Retype the data that follows exactly. No pictures belong in the copy.

> _Dataset extract_:
——————

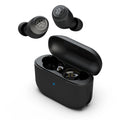 Black True Wireless Bluetooth Earbuds with Charging Case K234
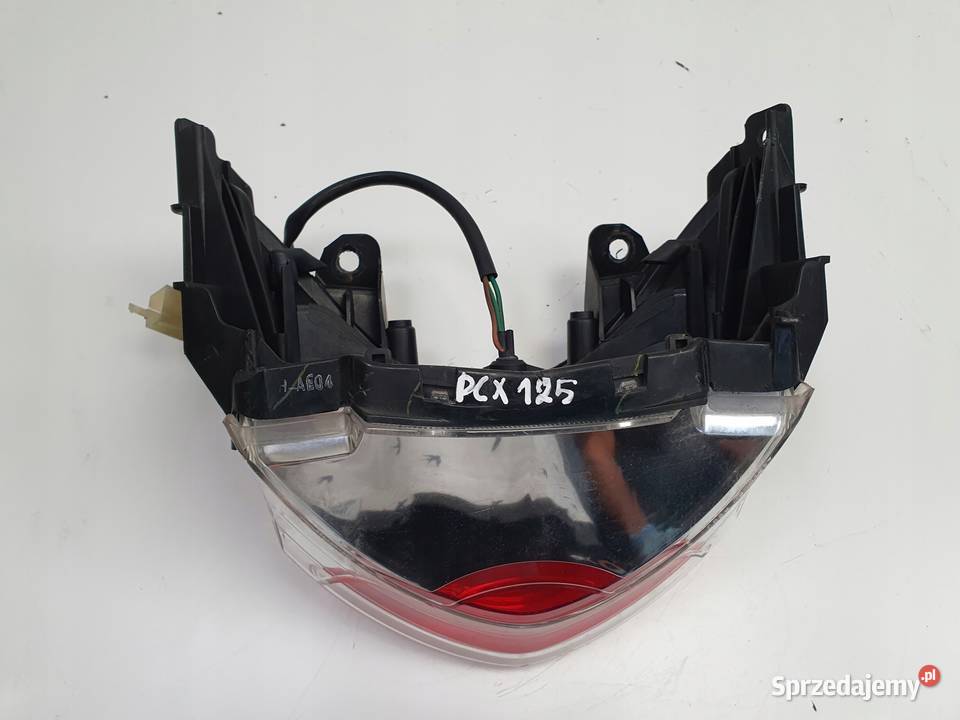 LAMPA TYLNA TYŁ HONDA PCX 125 PCX125 2011 lubelskie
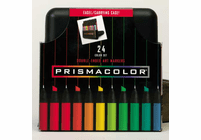 Prismacolor Art Color Markers  - 24 color set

——————

> _Reply to the exercise_:
 Black True Wireless Bluetooth Earbuds with Charging Case K234
 LAMPA TYLNA TYŁ HONDA PCX 125 PCX125 2011 lubelskie
 Prismacolor Art Color Markers  - 24 color set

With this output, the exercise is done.